##### Data provided #####

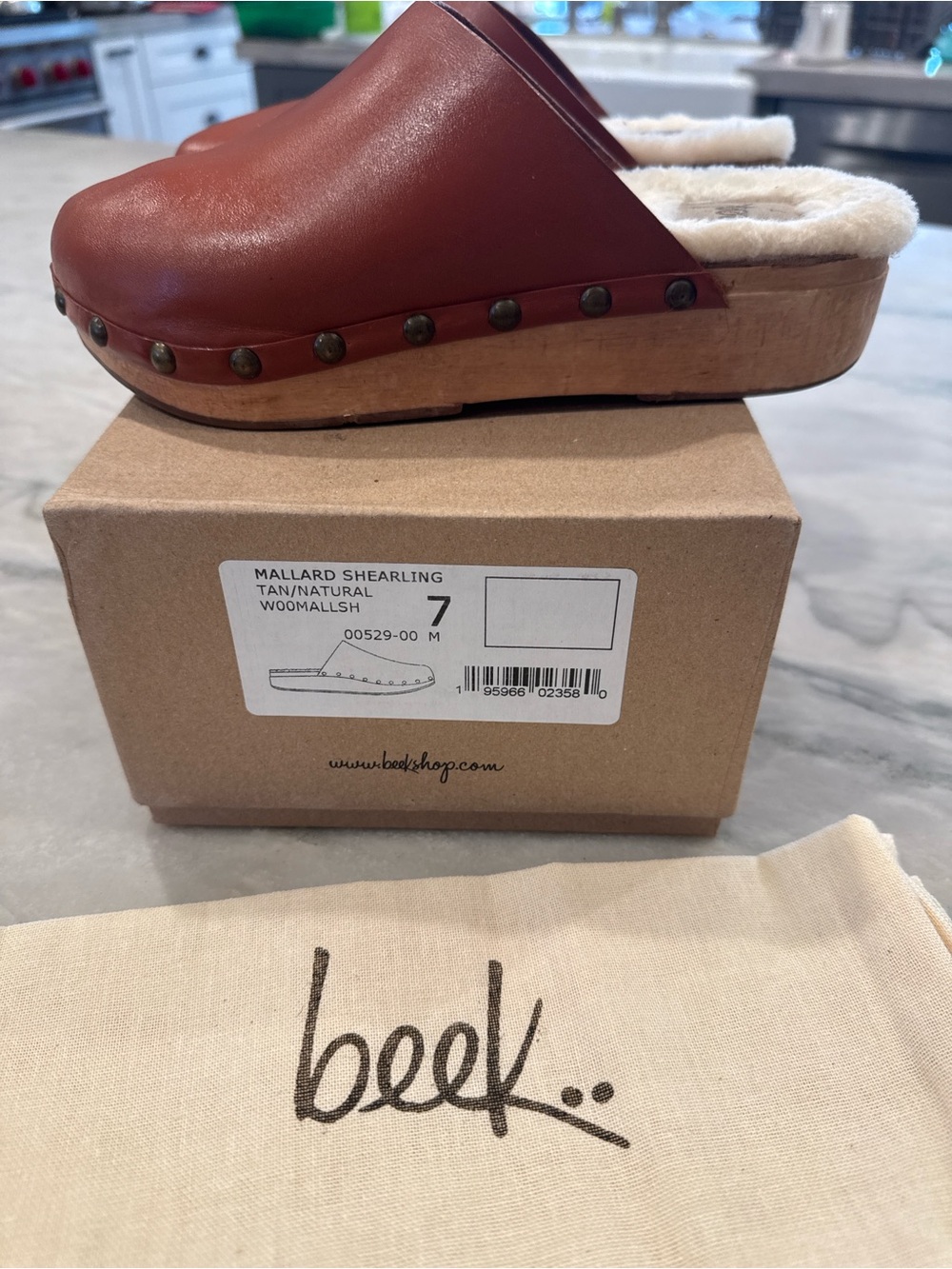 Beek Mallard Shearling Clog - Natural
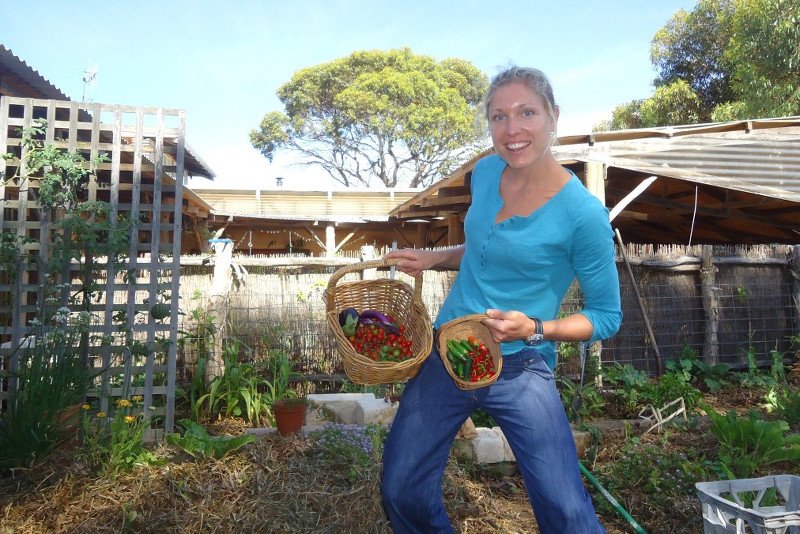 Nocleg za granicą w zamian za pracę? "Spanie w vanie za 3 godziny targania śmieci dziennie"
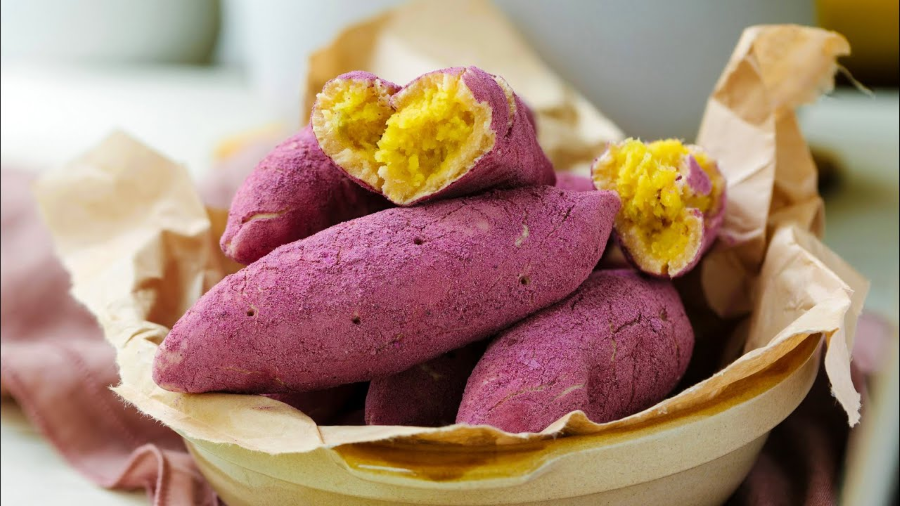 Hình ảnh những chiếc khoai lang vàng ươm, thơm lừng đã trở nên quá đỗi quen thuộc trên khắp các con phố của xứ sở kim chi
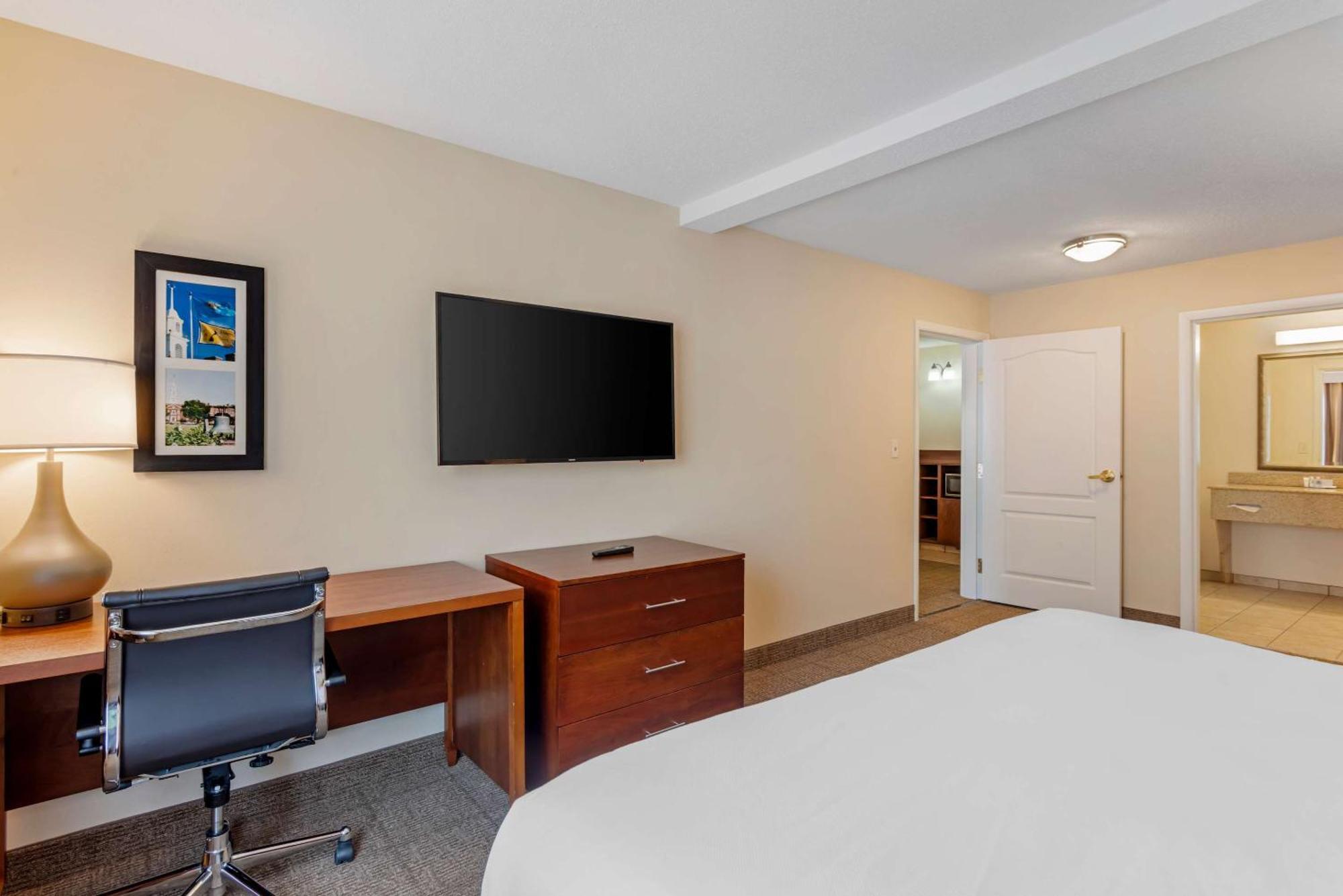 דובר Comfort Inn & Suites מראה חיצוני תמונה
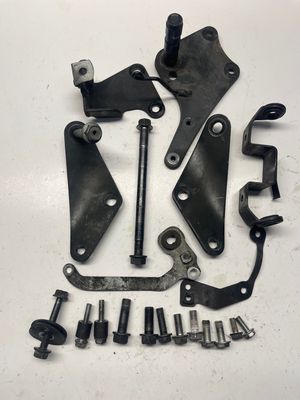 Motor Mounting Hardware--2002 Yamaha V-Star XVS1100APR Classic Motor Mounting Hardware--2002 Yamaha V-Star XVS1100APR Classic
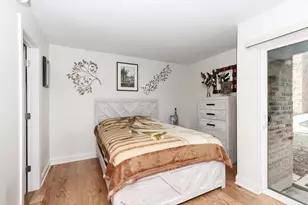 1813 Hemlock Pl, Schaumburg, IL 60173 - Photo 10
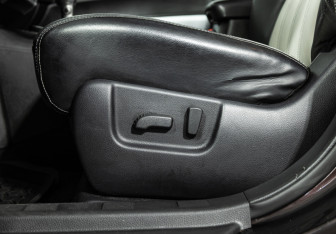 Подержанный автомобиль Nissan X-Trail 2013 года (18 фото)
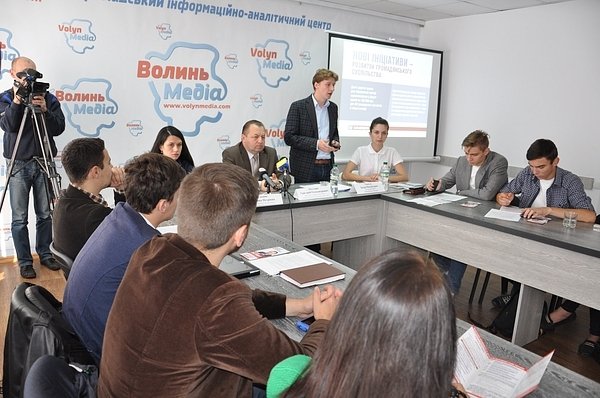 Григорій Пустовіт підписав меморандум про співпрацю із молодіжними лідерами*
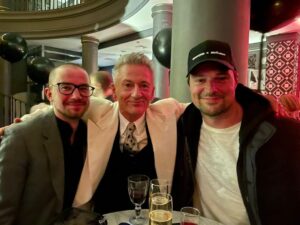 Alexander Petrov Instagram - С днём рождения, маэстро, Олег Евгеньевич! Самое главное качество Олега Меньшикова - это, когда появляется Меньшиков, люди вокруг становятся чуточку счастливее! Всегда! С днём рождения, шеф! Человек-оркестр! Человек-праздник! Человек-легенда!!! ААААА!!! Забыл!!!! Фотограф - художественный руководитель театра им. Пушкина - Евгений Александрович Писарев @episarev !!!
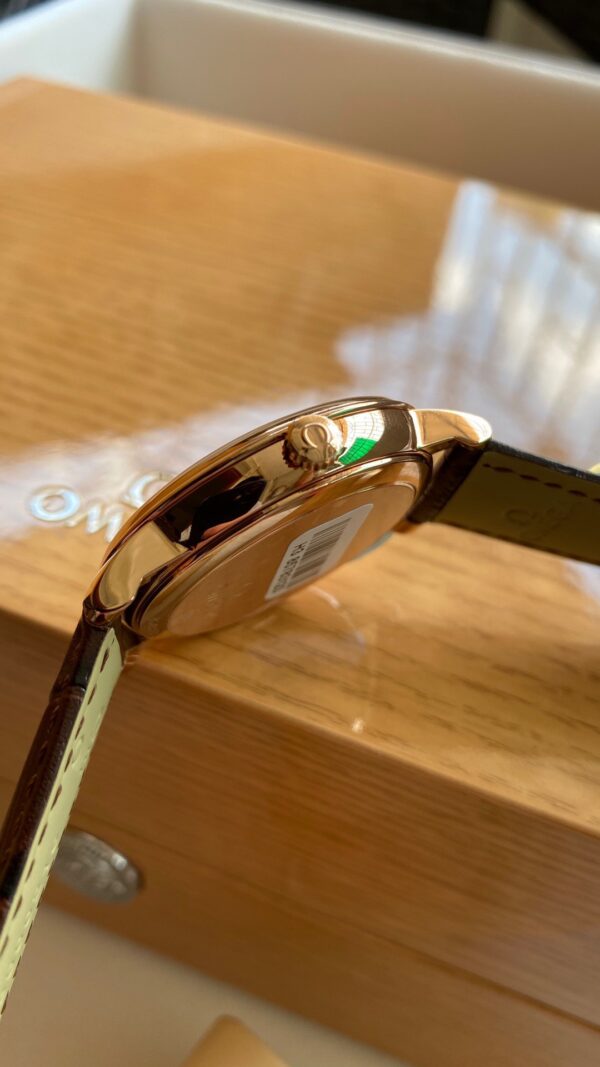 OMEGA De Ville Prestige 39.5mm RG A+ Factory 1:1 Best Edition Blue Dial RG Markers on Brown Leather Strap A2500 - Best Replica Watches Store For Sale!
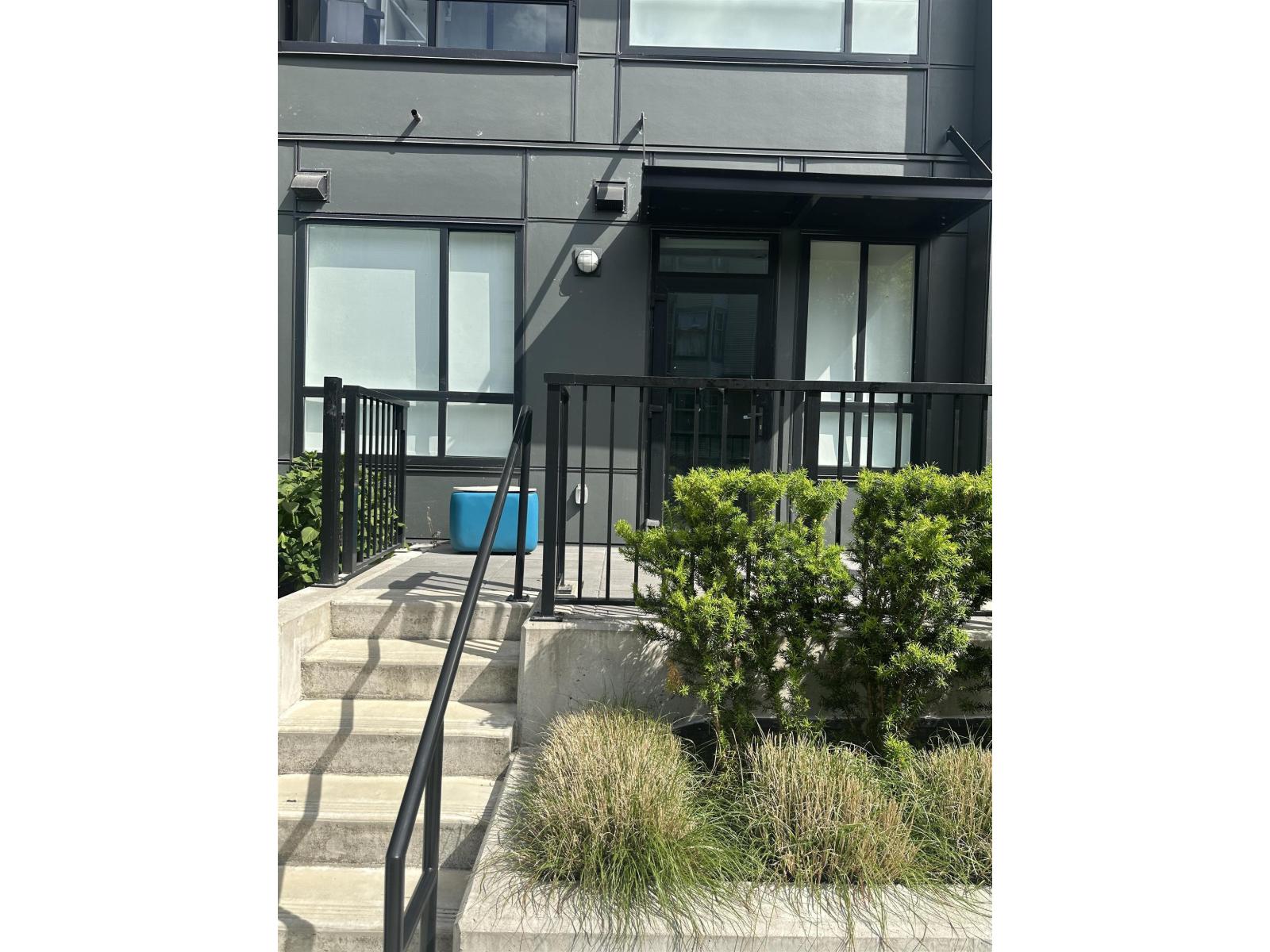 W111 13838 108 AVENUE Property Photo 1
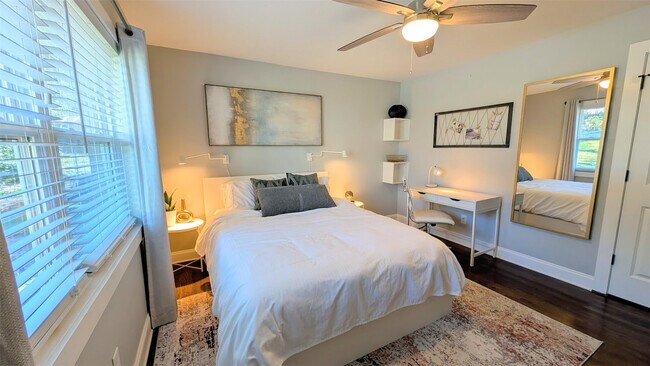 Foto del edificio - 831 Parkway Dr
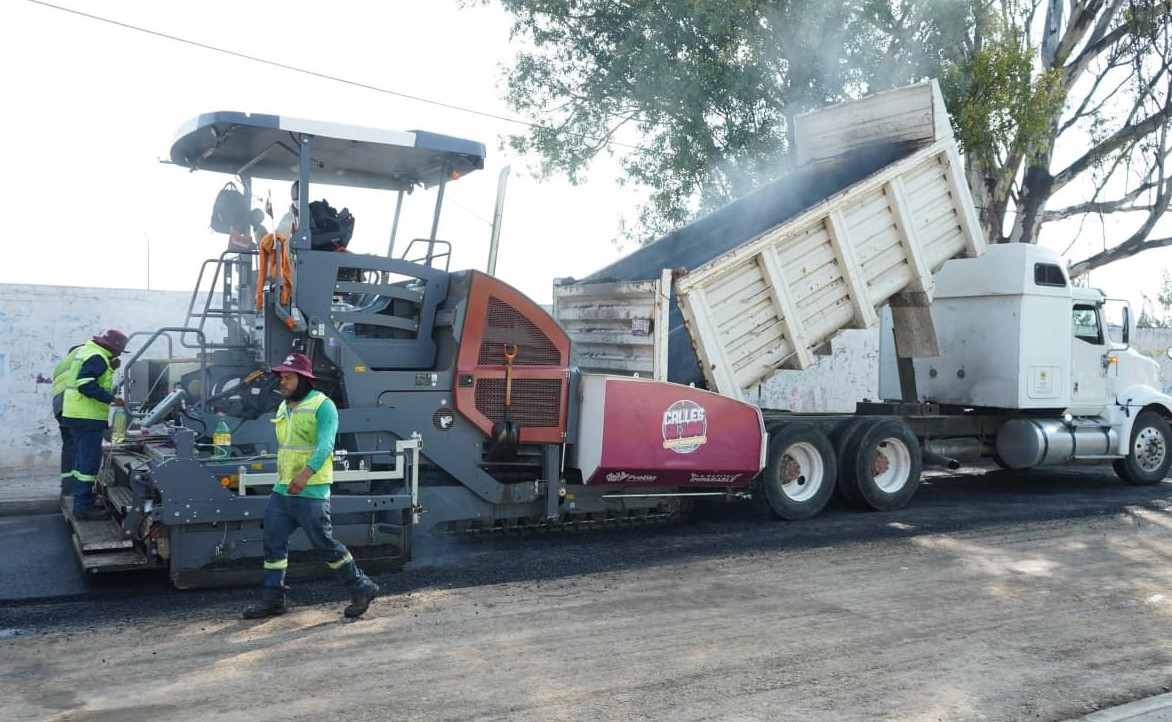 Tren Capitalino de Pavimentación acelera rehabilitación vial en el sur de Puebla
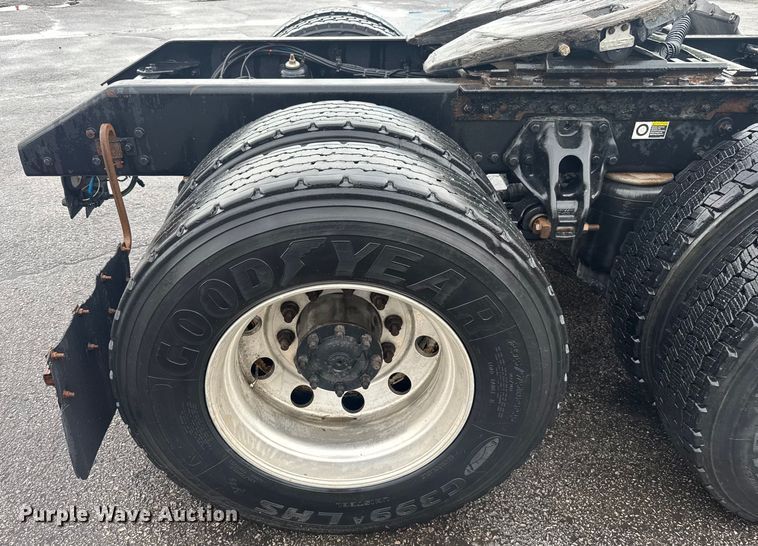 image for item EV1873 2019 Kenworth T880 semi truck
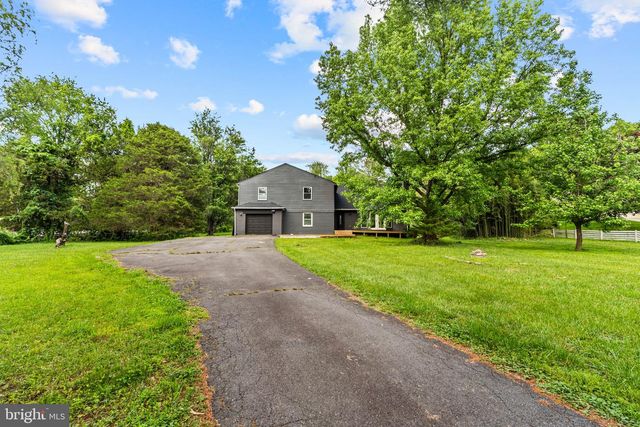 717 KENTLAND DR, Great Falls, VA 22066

#####

◆ Exercise objective ◆
Quote the entries above word for word. Leave the images out.

◆ Completed exercise ◆
 Beek Mallard Shearling Clog - Natural
 Nocleg za granicą w zamian za pracę? "Spanie w vanie za 3 godziny targania śmieci dziennie"
 Hình ảnh những chiếc khoai lang vàng ươm, thơm lừng đã trở nên quá đỗi quen thuộc trên khắp các con phố của xứ sở kim chi
 דובר Comfort Inn & Suites מראה חיצוני תמונה
 Motor Mounting Hardware--2002 Yamaha V-Star XVS1100APR Classic Motor Mounting Hardware--2002 Yamaha V-Star XVS1100APR Classic
 1813 Hemlock Pl, Schaumburg, IL 60173 - Photo 10
 Подержанный автомобиль Nissan X-Trail 2013 года (18 фото)
 Григорій Пустовіт підписав меморандум про співпрацю із молодіжними лідерами*
 Alexander Petrov Instagram - С днём рождения, маэстро, Олег Евгеньевич! Самое главное качество Олега Меньшикова - это, когда появляется Меньшиков, люди вокруг становятся чуточку счастливее! Всегда! С днём рождения, шеф! Человек-оркестр! Человек-праздник! Человек-легенда!!! ААААА!!! Забыл!!!! Фотограф - художественный руководитель театра им. Пушкина - Евгений Александрович Писарев @episarev !!!
 OMEGA De Ville Prestige 39.5mm RG A+ Factory 1:1 Best Edition Blue Dial RG Markers on Brown Leather Strap A2500 - Best Replica Watches Store For Sale!
 W111 13838 108 AVENUE Property Photo 1
 Foto del edificio - 831 Parkway Dr
 Tren Capitalino de Pavimentación acelera rehabilitación vial en el sur de Puebla
 image for item EV1873 2019 Kenworth T880 semi truck
 717 KENTLAND DR, Great Falls, VA 22066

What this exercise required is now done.